Hochman, a former senior product manager at Intel, proposed opening a Web store combining a full line of stylish women’s athletic wear with articles and expert advice on diet, exercise, fashion and relaxation. Last March, Hochman’s idea emerged as Lucy.com, a name inauspiciously borrowed from the dogs of two founding staffers. Levin took the lead as Lucy’s CEO, while Hochman oversees site development.
Levin knows the market like the back of a Frisbee. In her five years at Nike, she was U.S. women’s brand manager. She also opened the company’s women’s sports marketing department and held positions in public relations. In 1998, Levin’s peers named her a finalist for the Woman of the Year award from Sporting Goods Business magazine. Before joining Nike, Levin saw another side of the market as a sports journalist. She held jobs as editor in chief of City Sports and associate editor of Women’s Sports and Fitness and contributed to Shape, Walking, Mademoiselle and Outside.
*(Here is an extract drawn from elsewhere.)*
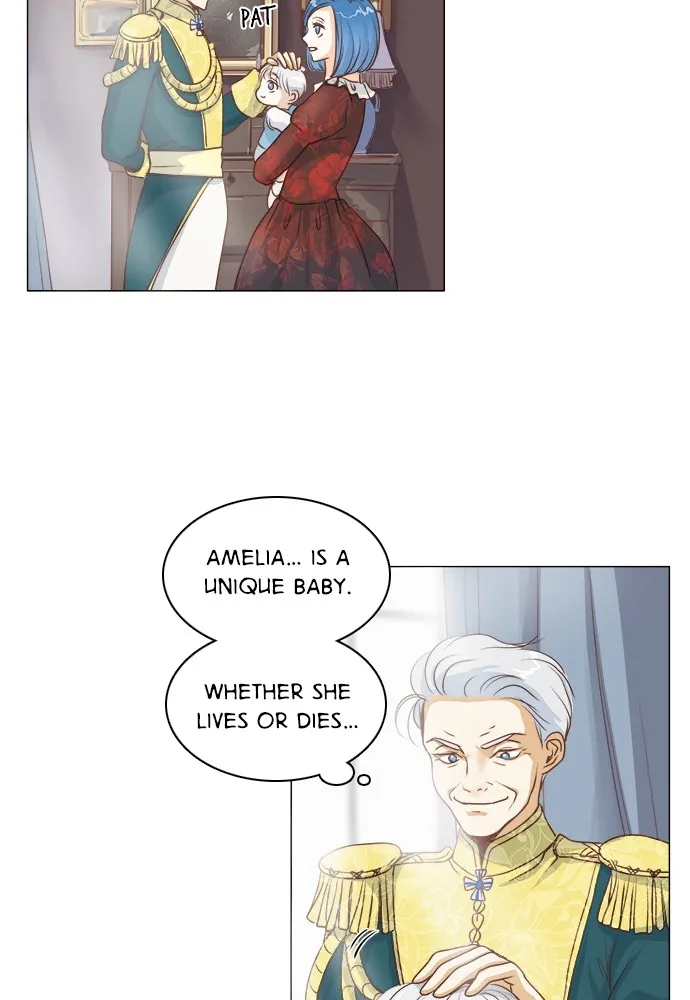 Read The MatchmakingBaby Princess chapter 7 image 7 on Lezhin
In merging merchandise and content, Lucy.com promised to tap the range of Levin’s experience. But she still needed help getting the word out. She went looking for a business strategist with an understanding of both women’s athletics and selling on the Internet. Former professional triathlete Kate Delhagen, then an e-commerce expert at Forrester Research, fit the job—and Levin’s blunt style—like no one else. Delhagen, Lucy’s vice president of business strategy, is better known around the office as the company’s talking head. “If you talk to our customers, they all say that finding apparel for women’s sports is a real challenge,” says Delhagen, who’s also a 10-year veteran of Runner’s World and Backpacker magazines. “Women don’t want to be sold a sports bra by a 19 year-old guy.”
League of one?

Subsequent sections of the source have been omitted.